Heat 1 tablespoon sesame oil in a small frying pan. Lower the flame and add 1/2 teaspoon mustard seeds and let them crackle. They should make the crackling sound, before you proceed to the next step.
Once the mustard seeds have started crackling, then add 1 teaspoon chopped curry leaves, a pinch of asafoetida and 1 green chili (chopped). Stir well. Instead of green chili, 1 dry red chili can be added.
Add potatoes which have been chopped in small cubes. Do chop potatoes in small cubes, so that they cook quickly.

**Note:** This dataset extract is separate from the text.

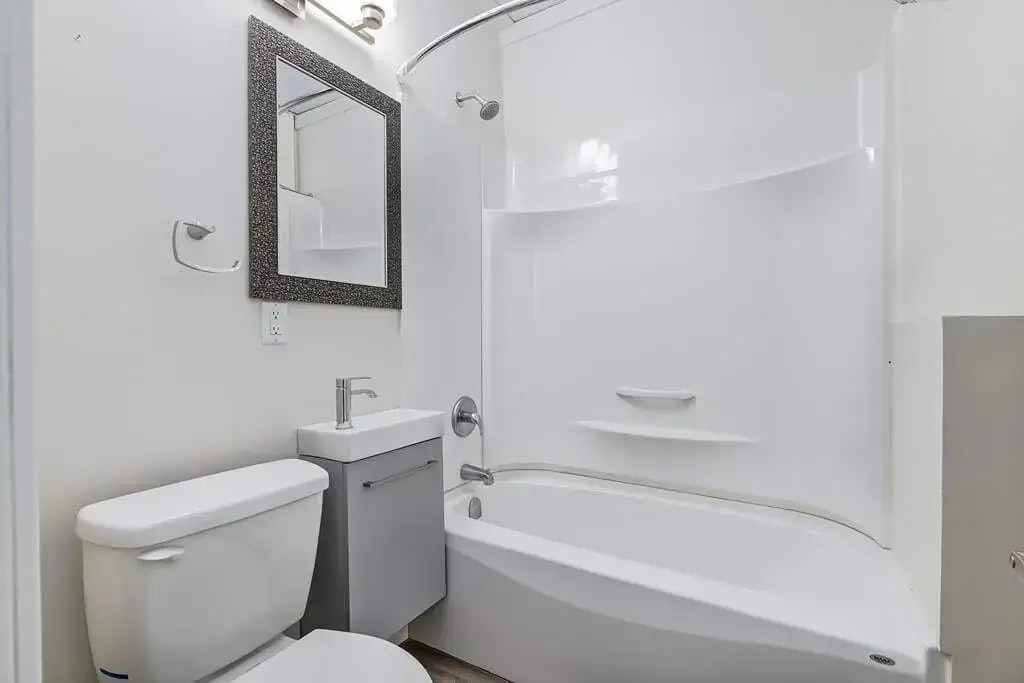10-2024 14th Avenue, Regina, SK, S4P 0X5 - 8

On sim or low flame with stirring at intervals, saute the potatoes. Spread them in the pan, so that they cook evenly.
Saute till the potatoes become light browned or slightly crisp from their surface and edges.
Now add chopped capsicum. The capsicum also have to be chopped in small pieces. Mix well.
Add a pinch of turmeric powder.
Mix again and saute on a low flame stirring after every 3 to 4 minutes. Spread the veggies in a pan, so that they cook evenly.
Saute till the capsicum edges also get golden. By the time the capsicum gets almost cooked, the potatoes will also be done. The capsicum in this recipe is not completely softened. There is a slight crunch in them.
Lastly season with salt as per taste. Mix very well.
Switch off the flame and add 1 tablespoon chopped coriander leaves. Mix again.
Serve capsicum fry with chapatis or a side with dal or any curry.